One of the best things about Vizcaino is his ability to pitch multiple innings. Kimbrel and Venters can pitch multiple innings, too, but that’s not how Fredi’s vision of a baseball team works–the top set-up man and closer are strictly 1-inning relievers in his eye. Having a player that your manager isn’t afraid of using for multiple innings in high-leverage situations instantly lessens the workload of the late-inning relief corps. Just having a right-handed set-up man would have accomplished this, having one that can get more than three outs is even better.
Another thing: Eric O’Flaherty really shouldn’t be facing right-handed batters in high-leverage situations. The Braves have used him as their go-to 7th inning man this year because there aren’t any better options, but ideally he’s only a full-inning reliever in medium-to-low-leverage situations and a match-up specialist in high-leverage situations. There are two reasons for this. Number one: he’s just not nearly as effective against right-handed hitters. He owns a career 3.28 K/BB ratio against left-handed batters, which is excellent, but only a 1.48 K/BB ratio against right-handed batters, which is sub-replacement level.

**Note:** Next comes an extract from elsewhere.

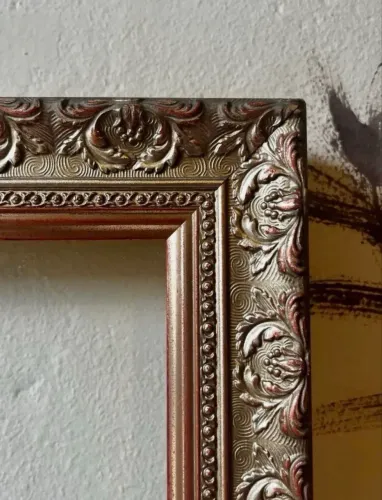 Moldura provençal italiana clássica com vidro 62 x 43 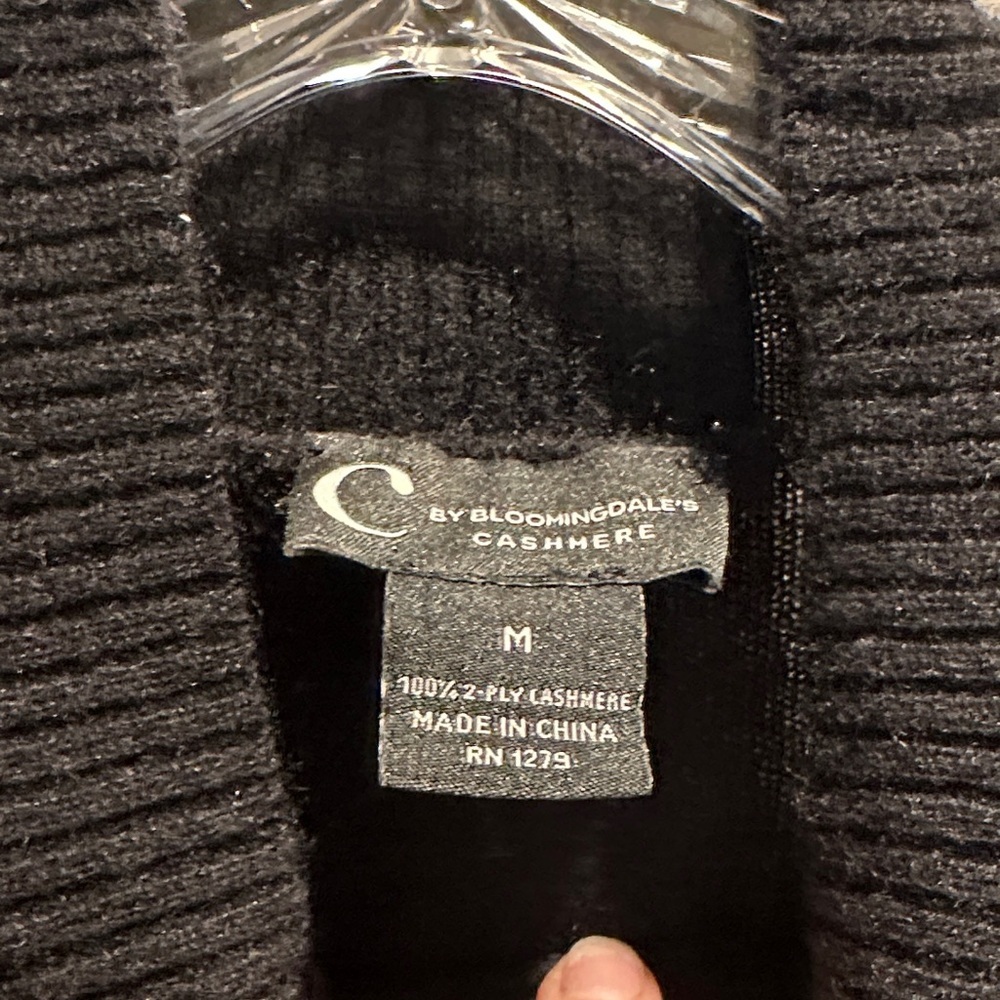 Bloomingdale's Women’s Crewneck Sweater in Black, Gray, and Cream - Picture 2 of 4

Number two: health reasons. O’Flaherty is the aforementioned reliever who has been historically injury-prone. He’s managed to stay relatively healthy for Atlanta due to a rigorous stretching program and, among other things, a conscious effort on the coaching staff’s part to manage his workload. The latter has not held true in 2011, primarily because there wasn’t a better 7th inning reliever for most of the year. To this point O’Flaherty is 7 outs, 11 batters faced, and 11 pitches away from tying career highs in those categories. Having a right-handed set-up man allows the Braves to slide O’Flaherty back into a match-ups role, which will not only strengthen the bullpen but also help manage his workload in order to keep him fresh for the playoffs.
Given that O’Flaherty is not a very good option against right-handed batters and Venters and Kimbrel are largely restricted to their defined roles, there was previously no reliable reliever to face right-handed batters before the 8th inning. How the Braves managed to make it this far with the bullpen constructed as such is pretty amazing. But they did, and now they’ve solved the problem, which should make them a more formidable team down the stretch and in the playoffs.
The Braves will continue to score when everyone is healthy and their rotation will continue to produce quality outings night-in and night-out. If they can head into the postseason with a full complement of healthy and effective late-innings relievers they could be a very dangerous team in the postseason tournament.